Propheci, when faced with his fork in the road, he choose a path that led him to lawfulness rather than lawlessness; with him becoming a police officer in Detroit. After surviving two shootings, a stabbing and several other tragedies, Propheci left Detroit and moved to Savannah, Ga. There he survived a near-fatal motorcycle accident; which makes it clear that he is no stranger to tragedy and why this “victorious warrior” is always ready for spiritual battle. Propheci makes sure his songs are built upon God’s Word whether it is directed towards the street or the church.
He has been known to rail against police brutality, misogyny in Hip Hop music, economic inequality, materialism in the Black community and maybe his favorite target of criticism, the Church and its ungodly policies.
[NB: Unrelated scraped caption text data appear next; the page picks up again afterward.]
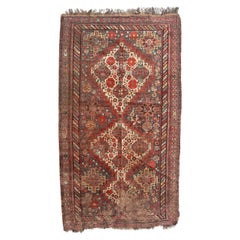 distressed Antique Shiraz rug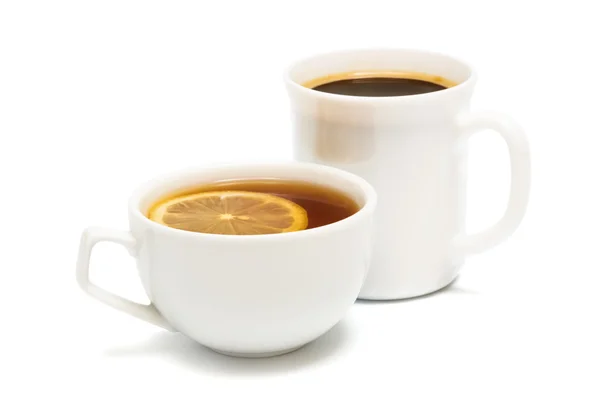 Τσάι και καφέ — Φωτογραφία Αρχείου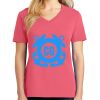 Cotton Women's V-neck Tee sing united test Thumbnail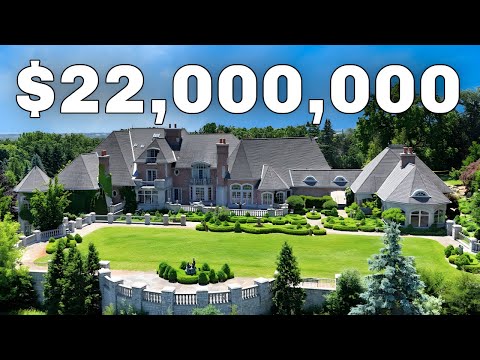 Inside a RIDICULOUS Mega Mansion near Detroit Michigan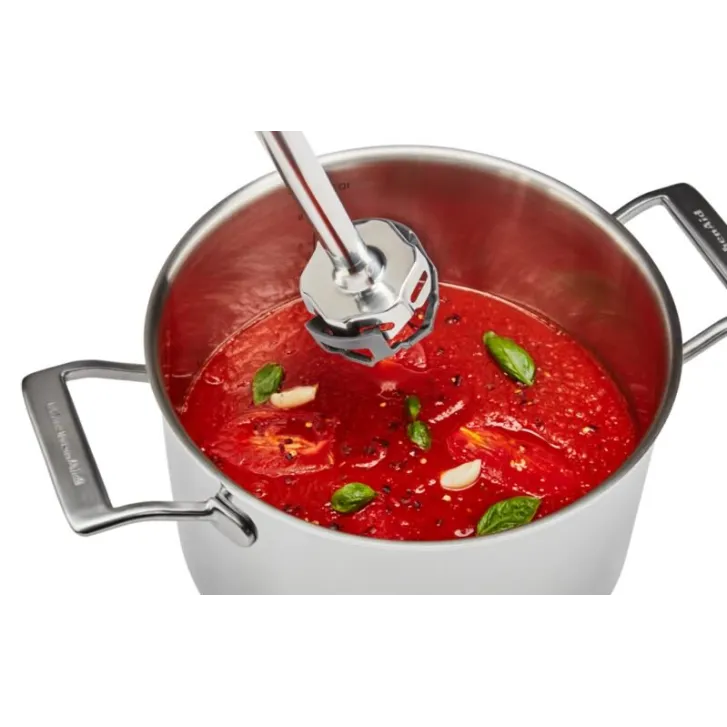 KitchenAid CLASSIC: Kabelgebundener Stabmixer - WEISS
Propheci is causing quite a stir with his song "Blasphemy", a blast on churches & preachers who preach it, but don't live it. Many in the church were none too pleased and mainstream media criticism was unsure of its stance. Propheci is no stranger to controversy.
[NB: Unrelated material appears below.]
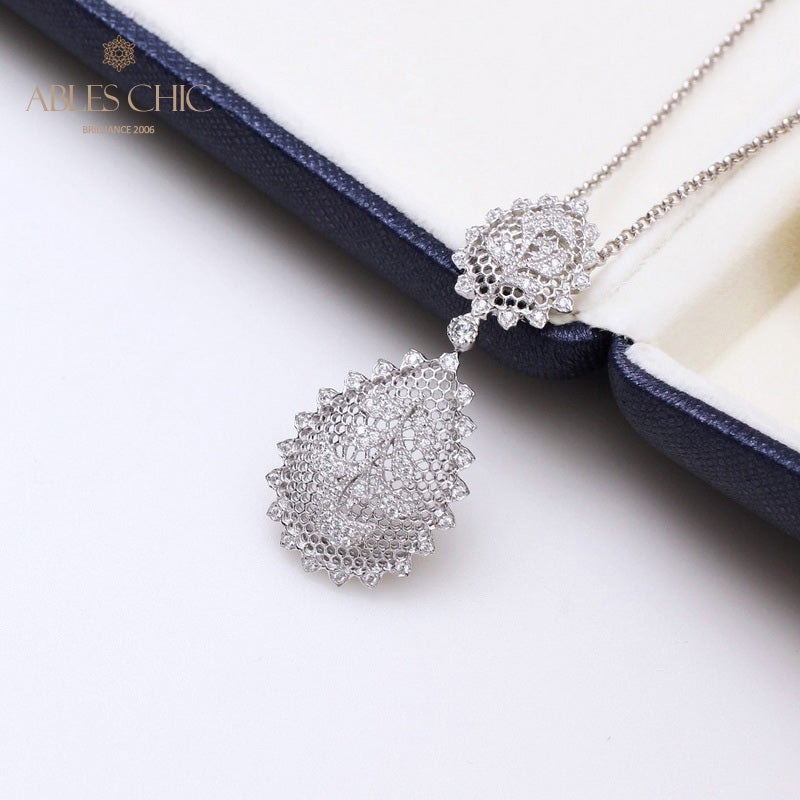 Collier Floral En Filigrane De Dentelle 5340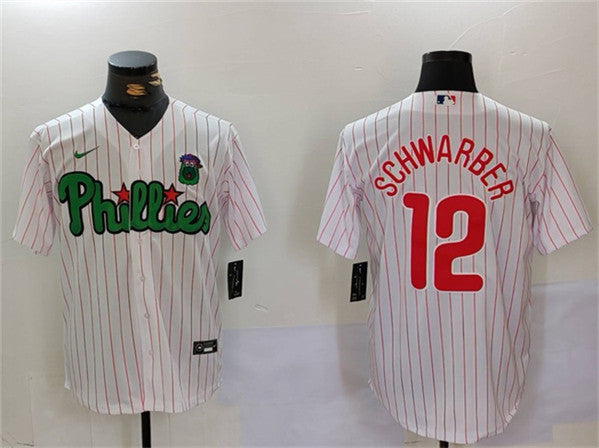 Kyle Schwarber Philadelphia Phillies white-green jersey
Controversy, however, is something with which Propheci willingly flirts; and he expects more of it now that his new album, "Propheci: the Man, the Music, the Ministry", is complete.
Although Propheci directs significant criticism at Church policies, this is not the driving factor in his life. Rather, finding the lost and shedding light on the truth is what motivates him. "This [album] is much more a labor of love and a commitment to wanting to have truth heard than it is an economic undertaking, cause we (rap ministers) as a whole are not supported by the Church," says Propheci. "And there is no greater burden than being spiritual in an unspiritual world."
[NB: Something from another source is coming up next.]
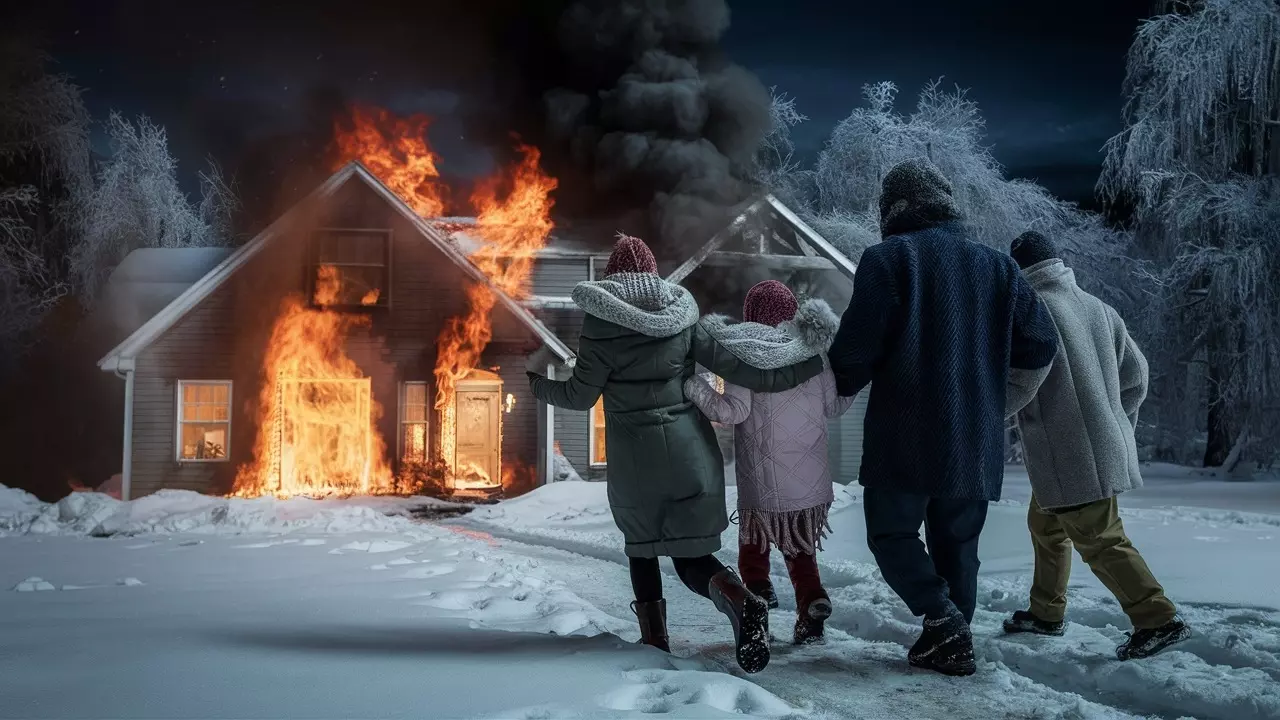 Отец вывел из горящего дома семью в Пермском крае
It is unclear whether " Propheci: the Man, the Music, the Ministry " will have the kind of echo Propheci hopes for. As a controversial artist releasing an unambiguously controversial album, Propheci knows that he is fighting an uphill battle. But at this point in his life, he feels that he has come too far to turn back now.
"It's much more difficult for me to enjoy life now," laments Propheci, "knowing what I know and seeing the conditions that exist."
"I'm definitely the underdog right now saying what I'm saying. Even fighting the good fight in music industry circles, I'm definitely the underdog. But this right here, what I'm saying [my music] is what I live for. I'm passionate about it and I'm passionate about the pursuit of truth; God’s truth! I'm passionate about reaching out and trying to better; not only conditions in the Christian community, but really everybody's conditions. And there are a lot of people who are in the dark. I know, I’ve seen it as well as lived it."
Of Native American and African American heritage, he grew up being the only male in the home, after his mother and father separated. Fortunately, Propheci's father maintained an exceptionally close and nurturing relationship with him and continued to rear him in a positive manner.
Propheci has always been raised spiritually and in the church. Propheci had an innate feeling of a spiritual purpose from the womb.
Propheci's musical endeavors began in 1986. As early as the age of 9 he was telling his family he was going to be an entertainer and a great man for God. In 1995, Propheci began managing several young secular rap groups. Towards the end of 1996, God put conflict in his heart. Instead of helping the youth by getting involved with them, he was actually serving Satan. His rap groups were degrading women and expressing violence, emulating their only role models; secular rappers. So he forever left the secular music world.
Propheci always asked the Lord, "When will my time come?" Well 1998, God answered, "It begins now and rap is your pulpit!" So Propheci hit the studio and began recording; releasing his first single on his birthday; March 31, 2000. Since then, Propheci started producing, which gave birth to his own label, “Do U Believe! Gospeltainment.”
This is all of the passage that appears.